Often a brief fault in a system produces something other than what it is supposed to.  These artifacts are then incorporated into another process, a process not of the original intent of the system’s producer.  This moment is often called a “glitch,” from the German verb “to slip.”  Such intentionally reproduced errors are used to create something new.  These faults, errors, hacks, noises, mods and glitches occur in both electronics, hardware and in software.  For example, circuit bending is the practice of short-circuiting DC circuits, often from toys or radios, in order to produce sound instruments for performance.  Some artists even explore circuit-bending hardware from retro game consoles in order to produce glitchy audio-visual instruments.  The practice is similar in software like games, where users spend time searching for glitches or programming bugs in the system in order to benefit game play or for creative purposes, such as creating glitchy images, sound art or machinima. 

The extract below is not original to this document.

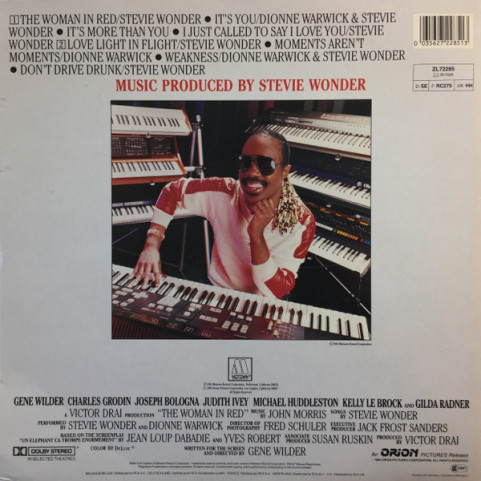 Stevie Wonder - The Woman In Red (Selections From The Original Motion Picture Soundtrack) (1984) [1LP]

The practice of incorporating these intentional errors into individual practice is a subversive form of personalized media.  Some gamers spend more time exploring how to deconstruct a system, than they do actually using it for the purpose it was created.  This can be a very practical form of hacking, where the goal is not only to infiltrate the system, to produce an environment, a tool or product for a particular purpose, but also for the experience, freedom and autonomy.  Glitches, hacks, mods, etc., relate to creativity in that they utilized accidents and intents that exploit anomalies in a system in order to benefit the user in a kind of pioneering act.  Such practices represents innovative work in a new frontier, one that splits off and fragments freeform methods of media making.

DIY Electronics are fun. Here is another recipe...
Create your own electronic instruments. Get a battery powered toy with a sample chip or a radio and short circuit it in order to make interesting sounds.  Start learning electronics and build your own synthesizer.

All About Circuits
Open Circuits

Circuit Bending

END NOTE

You can use your Box of Sounds, your sample library, bent instrument and/or your PD patches to perform your own live sound shows.  The audience can participate and interact in these environments.  You can upload content to the web and share it. 

Sound has always been art and it does not require much of you.  Think of all the things you can do with such freedom.